Home All Groups Group Topic Archive Search About

convert flat file to native file format for bcp

Author
8 Dec 2005 11:03 PM
mar
Hello,

We bulk insert terabytes of data in delimited flat files every day. I
recently heard from our DBA that using bcp especially in native format
would result in reduction in file size and much faster inserts. Since
we transfer these files across the network, I think we would save a lot
of bandwidth as well by producing native mode files.

Is there an API to convert the files in character mode to native
mode/unicode native mode? What are the caveats? I would be grateful for
a few pointers to where I should start looking.

Thanks,
mar

Author
9 Dec 2005 5:57 AM
Steve Kass
Mar,

I don't know of any documentation of the format of native bcp
files, nor do I know of an API to convert a text file to one.

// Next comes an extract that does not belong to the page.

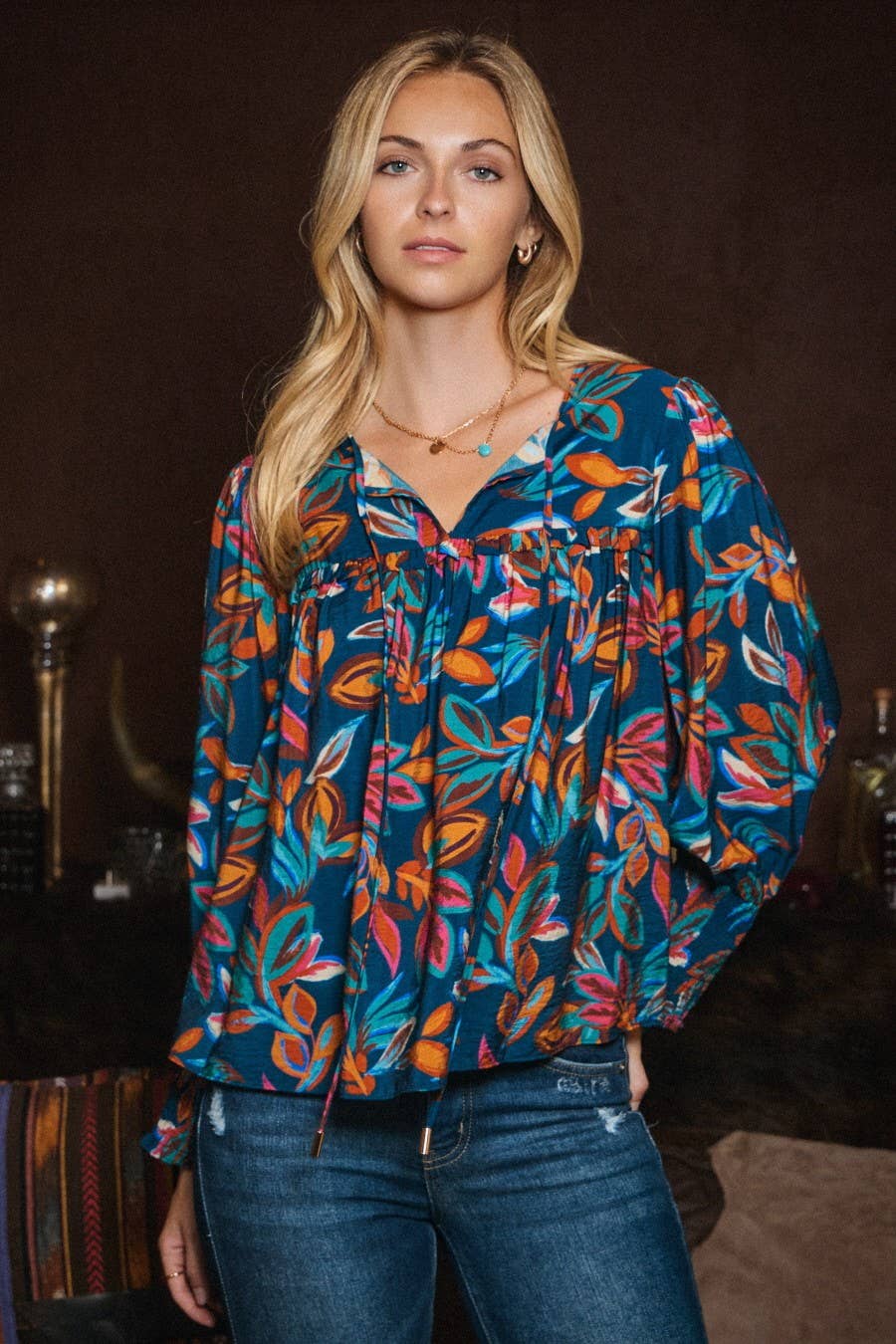 Oddi Leaf Printed Long Sleeve Western Blouse — Tie Front Neck with Ruffled Yoke (Small remaining) Cowhide and Conchos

However, I assume a bcp-able native file has a straightforward
structure that matches how SQL Server stores data in table rows
(which is documented).  If so, it should be a simple matter to write
a conversion program in C++ or awk that could be run before the
file is pulled down.  To do this, I would generate native files from
the data you have, then study them in a hex editor to discern their
underlying format.  You might also want to compare them with
a dump of the destination table without any indexes, in the hope
they are the same, and you can use the existing documentation
about how data is stored in a non-indexed table.  You can look
at this with DBCC PAGE.

Caveats would be any special cases you don't know about
(there is probably special handling of text, ntext, and image,
for example), and the smallest error in your conversion program
would likely corrupt the native file or cause the import to give
wrong results.

I've posted threads in the past to show how to dump the
table data using DBCC PAGE (adapted from Kalen Delaney's
Inside Sql Server 2000:

http://groups.google.com/groups?hl=en&q=kass+%22dbccpageout%22+m_nextpage

Steve Kass
Drew University

mar wrote:

Show quote
>Hello,
>
>We bulk insert terabytes of data in delimited flat files every day. I
>recently heard from our DBA that using bcp especially in native format
>would result in reduction in file size and much faster inserts. Since
>we transfer these files across the network, I think we would save a lot
>of bandwidth as well by producing native mode files.
>
>Is there an API to convert the files in character mode to native
>mode/unicode native mode? What are the caveats? I would be grateful for
>a few pointers to where I should start looking.
>
>Thanks,
>mar
>

>
Author
9 Dec 2005 11:16 AM
Robert Klemme
Steve Kass wrote:
Show quote
> Mar,
>
> I don't know of any documentation of the format of native bcp
> files, nor do I know of an API to convert a text file to one.
>
> However, I assume a bcp-able native file has a straightforward
> structure that matches how SQL Server stores data in table rows
> (which is documented).  If so, it should be a simple matter to write
> a conversion program in C++ or awk that could be run before the
> file is pulled down.  To do this, I would generate native files from
> the data you have, then study them in a hex editor to discern their
> underlying format.  You might also want to compare them with
> a dump of the destination table without any indexes, in the hope
> they are the same, and you can use the existing documentation
> about how data is stored in a non-indexed table.  You can look
> at this with DBCC PAGE.

Question is whether it's worth the effort.  I don't think import
performance will improve if files have to be read, converted to native,
written and then read again (as native file).  ASCII CSV files usually
have quite good compression ratios so I suggest to simply gzip files for
transfer and uncompress them prior to bulk loading (or even use a piped
version of that if bcp supports reading from stdin).

Kind regards

    robert
Author
9 Dec 2005 9:57 PM
Erland Sommarskog
mar (marvind***@yahoo.com) writes:
> We bulk insert terabytes of data in delimited flat files every day. I
> recently heard from our DBA that using bcp especially in native format
> would result in reduction in file size and much faster inserts. Since
> we transfer these files across the network, I think we would save a lot
> of bandwidth as well by producing native mode files.
>
> Is there an API to convert the files in character mode to native
> mode/unicode native mode? What are the caveats? I would be grateful for
> a few pointers to where I should start looking.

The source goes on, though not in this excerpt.